Leticia de Araujo holds her one-month-old daughter in February 2016 in Rio de Janeiro. The baby was born with microcephaly after being exposed to the Zika virus during her mother's pregnancy. (Antonio Lacerda/European Pressphoto Agency)

Pregnancies of women in the United States infected with the Zika virus are about 20 times more likely to result in babies with certain birth defects, compared with the prevalence of these birth defects before the Zika epidemic swept through the Americas, according to a report released Thursday.

Researchers at the Centers for Disease Control and Prevention are trying to determine how common these birth defects, such as microcephaly, brain abnormalities, eye defects and central nervous system problems, were in the years before the Zika outbreak. Although a Zika infection during pregnancy is linked to a distinct pattern of birth defects, those abnormalities are not unique to Zika. Genetic factors and other viral infections may also cause these birth defects, although in many cases the causes are unknown, experts say.

The CDC report provides a baseline reference to interpret the impact of Zika on the prevalence of these birth defects in the United States.

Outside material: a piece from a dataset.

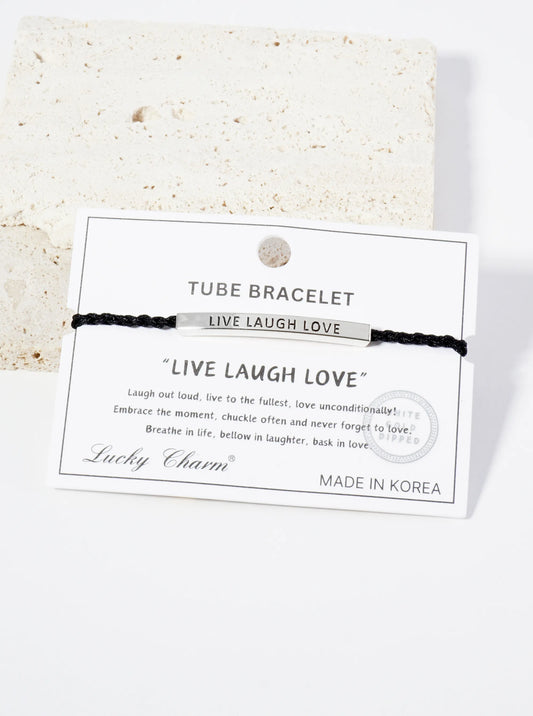 Live Laugh Love Engraved 18K Gold Dipped Curved Brass Tube Bar Adjustable Pull Tie Bracelet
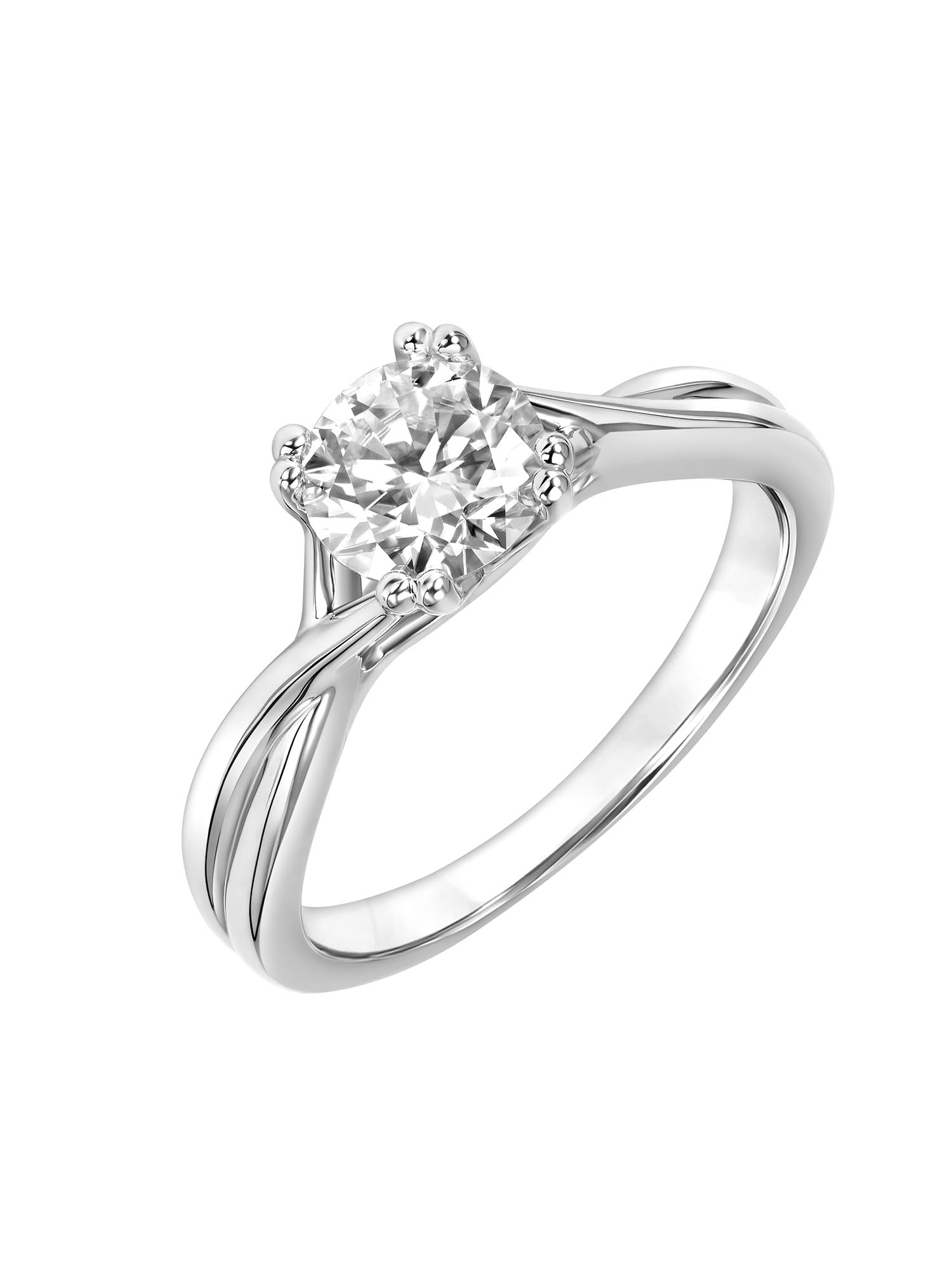 1 Carat Classic Round Moissanite Sterling Silver Solitaire Women's Engagement Ring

The new data underscore the dangers of Zika infection during pregnancy and the advice that pregnant women should avoid travel to Zika-affected areas, especially as warmer weather returns. If pregnant women must travel or live there, they should take measures to prevent mosquito bites or sexual transmission of the virus, which can be passed through semen.

The magnitude of birth defect risks also underlines the critical importance of early and accurate testing for pregnant women to give them the full range of options, health-care providers say. In Washington, D.C., the District's public-health lab has produced erroneous or inconclusive results for nine, and perhaps more, pregnant women who were tested for Zika between July and December of last year. The lab reported that the women had tested negative for Zika, when they may in fact have been infected. The mistakes, made public Feb. 16, have prompted officials to redo more than 400 tests, including those for nearly 300 pregnant women.

The findings “give you an idea of how large the risk may be,” said Janet Cragan, a medical officer at CDC’s birth defects branch who led the research.

Researchers analyzed data on birth defects from three surveillance programs in the United States. The researchers identified 747 infants and fetuses with one or more of these defects from data collected by programs in Massachusetts, North Carolina and Atlanta. The prevalence was about 3 for every 1,000 births between 2013 and 2014. The defects included the entire range of abnormalities associated with Zika, from microcephaly, characterized by abnormally small heads and often underdeveloped brains, to vision problems and joints with limited range of motion, such as clubfoot.

Brain abnormalities or microcephaly accounted for the largest number and highest prevalence, followed by neural tube defects, such as spina bifida, the report said.

After Zika spread throughout the Americas, the CDC began tracking the number of pregnant women in the United States who became infected and what happened to their pregnancies. Data from the U.S. Zika pregnancy registry identified 26 infants and fetuses with these birth defects among 442 completed pregnancies during a nine-month period in 2016. The proportion of infants with these birth defects was about 6 percent, or nearly 60 out of every 1,000 completed pregnancies with Zika infections. This proportion is about 20 times higher than the prevalence of such birth defects during the pre-Zika years.

Of the 26 infants with birth defects, 22 had a brain abnormality or microcephaly, a proportion that is about 33 times higher than the prevalence among pregnancies in the years before the Zika epidemic, according to the report.

Margaret Honein, chief of the birth defects branch at the CDC and an author of the report, said it's too early to give a precise estimate for the additional risk of birth defects from a Zika infection.

“I don't have that level of precision, but there is strong evidence of a major increase in risk,” Honein said. She said the findings demonstrate the importance of having monitoring systems that collect data on birth defects.

The state data come from birth defects surveillance programs that identify diagnoses among infants and fetuses mostly through review of administrative records. The state data for this report was collected from states where health department staff members routinely go to hospitals and other institutions that provide care for pregnant women and review the records of infants and fetuses.

CDC has awarded more than $27 million to 50 jurisdictions to establish or bolster surveillance systems that rapidly collect information about Zika-related birth defects.